§ Prompt: Search the records for lines that contain the word "Picture". Copy them all.

Segment Start: Exercise materials

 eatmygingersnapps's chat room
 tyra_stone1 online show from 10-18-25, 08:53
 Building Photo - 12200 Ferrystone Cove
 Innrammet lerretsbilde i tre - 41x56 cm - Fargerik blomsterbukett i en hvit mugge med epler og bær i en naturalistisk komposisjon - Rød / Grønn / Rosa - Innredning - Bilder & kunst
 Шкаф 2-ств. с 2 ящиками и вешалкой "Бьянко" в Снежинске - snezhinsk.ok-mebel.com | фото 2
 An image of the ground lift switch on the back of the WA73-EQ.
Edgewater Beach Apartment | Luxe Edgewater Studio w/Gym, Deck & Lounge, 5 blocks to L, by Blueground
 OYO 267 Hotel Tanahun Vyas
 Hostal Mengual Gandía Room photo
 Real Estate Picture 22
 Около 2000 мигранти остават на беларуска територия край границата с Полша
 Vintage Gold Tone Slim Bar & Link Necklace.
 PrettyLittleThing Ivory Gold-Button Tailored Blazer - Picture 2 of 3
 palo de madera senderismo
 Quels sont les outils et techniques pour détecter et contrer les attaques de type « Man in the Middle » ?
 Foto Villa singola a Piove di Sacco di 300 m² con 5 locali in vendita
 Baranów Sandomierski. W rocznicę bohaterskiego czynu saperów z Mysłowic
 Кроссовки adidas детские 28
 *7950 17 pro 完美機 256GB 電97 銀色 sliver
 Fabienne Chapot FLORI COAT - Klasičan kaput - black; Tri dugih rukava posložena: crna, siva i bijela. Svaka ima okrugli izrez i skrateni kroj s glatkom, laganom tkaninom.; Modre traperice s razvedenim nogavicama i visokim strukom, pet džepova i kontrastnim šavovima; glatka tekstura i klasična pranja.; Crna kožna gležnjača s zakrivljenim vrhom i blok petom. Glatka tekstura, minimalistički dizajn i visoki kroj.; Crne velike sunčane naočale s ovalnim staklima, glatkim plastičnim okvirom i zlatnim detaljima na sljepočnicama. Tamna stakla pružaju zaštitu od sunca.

Segment End: Exercise materials

§ Exercise answer:
 Real Estate Picture 22
 PrettyLittleThing Ivory Gold-Button Tailored Blazer - Picture 2 of 3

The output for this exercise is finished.